§ Problem to work on
Within the records below, reproduce without change the lines from the line that has "Inkjet ohp film" through the line that has "Sexy group dance 4p slow", and only those.

§ Input data
━━━━

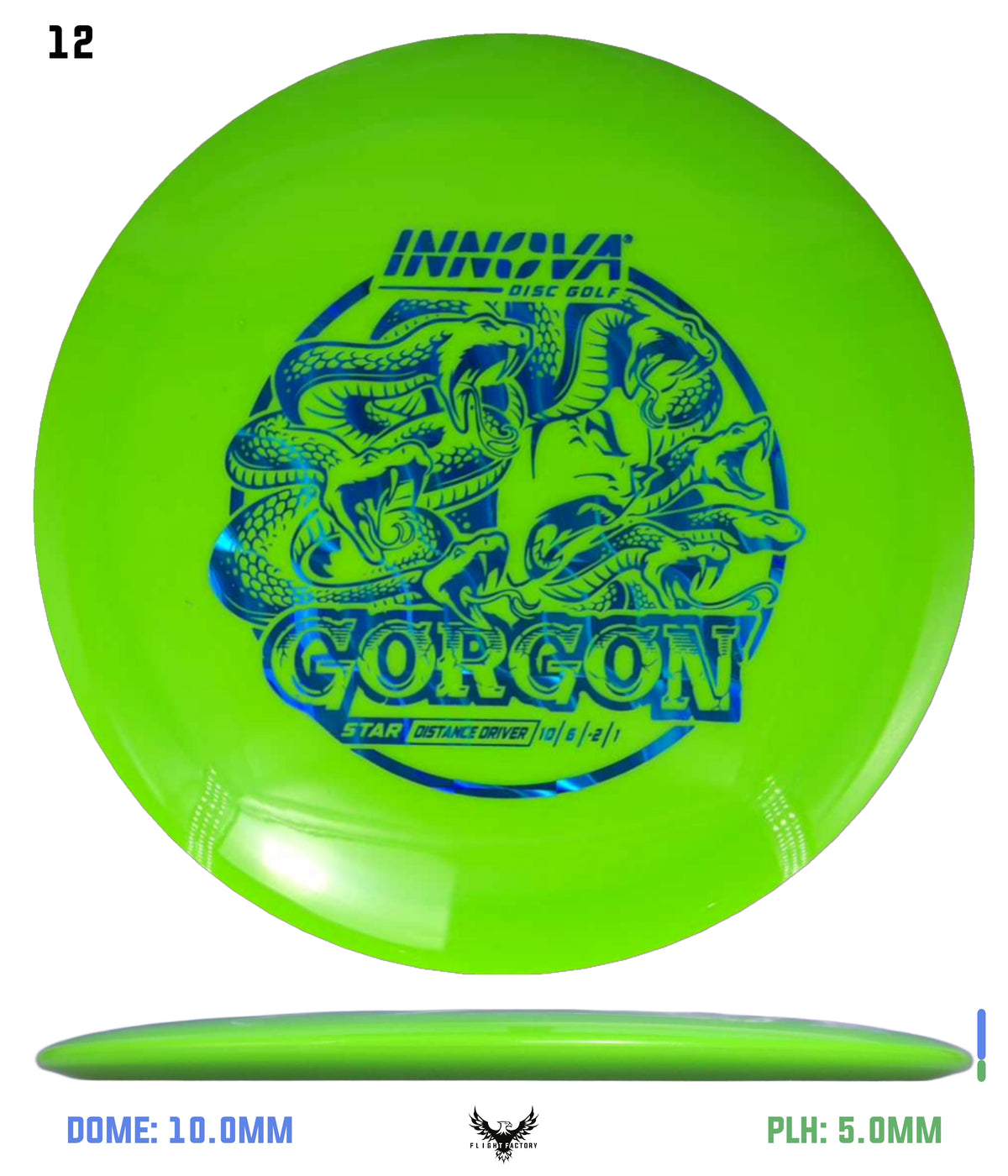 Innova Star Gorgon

━━━━

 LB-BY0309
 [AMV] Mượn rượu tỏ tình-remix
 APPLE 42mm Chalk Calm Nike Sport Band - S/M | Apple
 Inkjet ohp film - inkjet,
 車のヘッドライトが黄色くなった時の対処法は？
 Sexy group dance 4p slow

━━━━

§ Written answer
 Inkjet ohp film - inkjet,
 車のヘッドライトが黄色くなった時の対処法は？
 Sexy group dance 4p slow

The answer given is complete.